“Perils of Pauline” Management of the Deposit Insurance Funds
From The Nader Letter
The Clinton Administration and the Congress are in a mad scramble to come up with a solution to the problems created by an undercapitalized Savings Association Insurance Fund (SAIF) and a growing competitive disadvantage for the thrift industry vis a vis the nation’s commercial banks.
The problems could have been avoided with just a modicum of foresight on the part of the Congress and the Federal Deposit Insurance Corporation a year ago.
But, in a rush to reward the banking industry, President Clinton’s appointee as Chair of the Federal Deposit Insurance Corporation (FDIC) — Ricki Tigert Helfer — capped the Bank Insurance Fund (BIF) at its statutory minimum of 1.25 percent of insured deposits. Before the year was out, premiums for banks were eliminated except for a handful of risk-prone institutions.
Meanwhile, the reserves in the SAIF fund were far short of their statutory minimum and this left the thrifts paying 23 cents per $100 of deposits. On top of that, about $800 million of the thrifts’ premiums are diverted from the SAIF fund annually to pay off the Financing Corporation (FICO) bonds voted by the Congress in 1987 in a failed attempt to bail out the savings and loans.
Suddenly, it dawned on the Clinton Administration and the Congress that the equation didn’t work with one class of depository institutions paying the maximum for insurance and another class riding high on free government insurance.
After wringing their hands for months over the dilemma, the House and Senate Banking Committees decided to cram an insurance “fix” into last year’s Budget Reconciliation resolution. The plan involved a one-time payment of about $6 billion by the thrifts to bring their insurance fund up to the statutory minimum of 1.25 percent of deposits — with the banking industry picking up most of the $800 million annual bill for the old FICO bonds. The cost to the banks would have been roughly 2.5 cents per $100 of insured deposits. The plan would have allowed insurance premiums paid by thrifts to drop to a level more competitive with the banks.
As predicted, the Budget Reconciliation measure was vetoed by the President on other grounds and the insurance fix went down the tubes.
This sent Congress back to the drawing board.

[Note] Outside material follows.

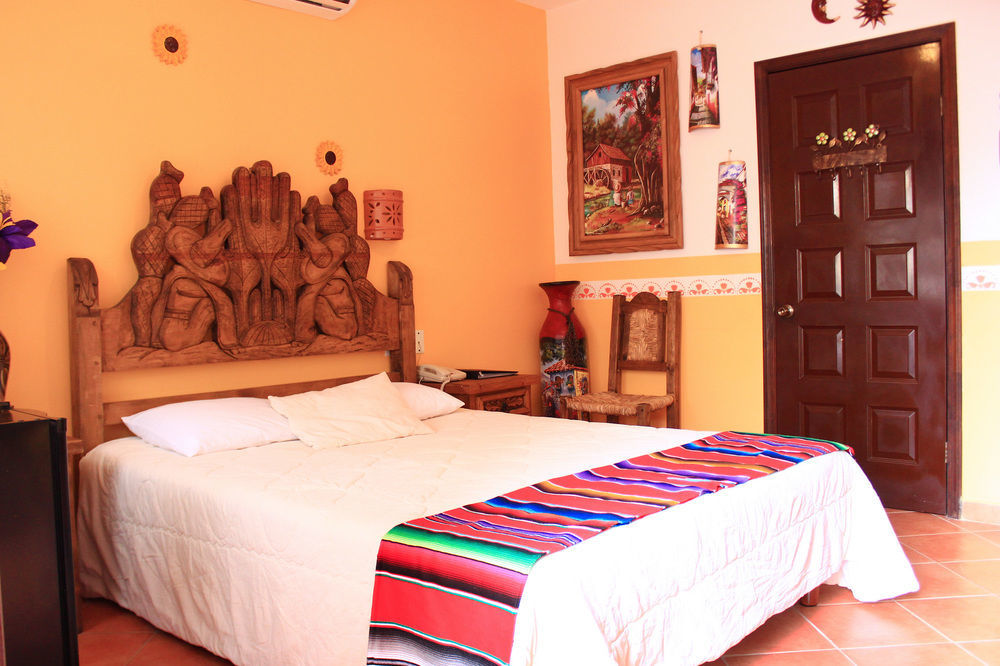 Hotel Cielito Lindo 3*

House Banking Committee Chairman Jim Leach — stung by the banks’ criticism of the SAIF plan — decided that he would tap the bulging bank accounts of the Federal National Mortgage Association (Fannie Mae) and the Federal Home Loan Bank Corporation (Freddie Mac) to help pay for the FICO bonds. But, a quick lobbying campaign by Fannie and Freddie killed that idea before it got out of the word processors.
Congress and the Clinton Administration have returned to the idea of the banking industry sharing the cost of the FICO bonds as a means of closing the premium disparity between the two industry groups.
But, the banks aren’t buying. Lobbyists — from both the Independent Bankers Association and the American Bankers Association — are battling hard against being part of any plan that requires a bank contribution. Despite a plea from President Clinton, the banks were successful in stripping the deposit insurance plan from the last short-term funding measure. Now, Congressional proponents of the plan are talking about tacking the measure on a “must” piece of legislation such as the possible gas tax repeal or a budget bill should one emerge.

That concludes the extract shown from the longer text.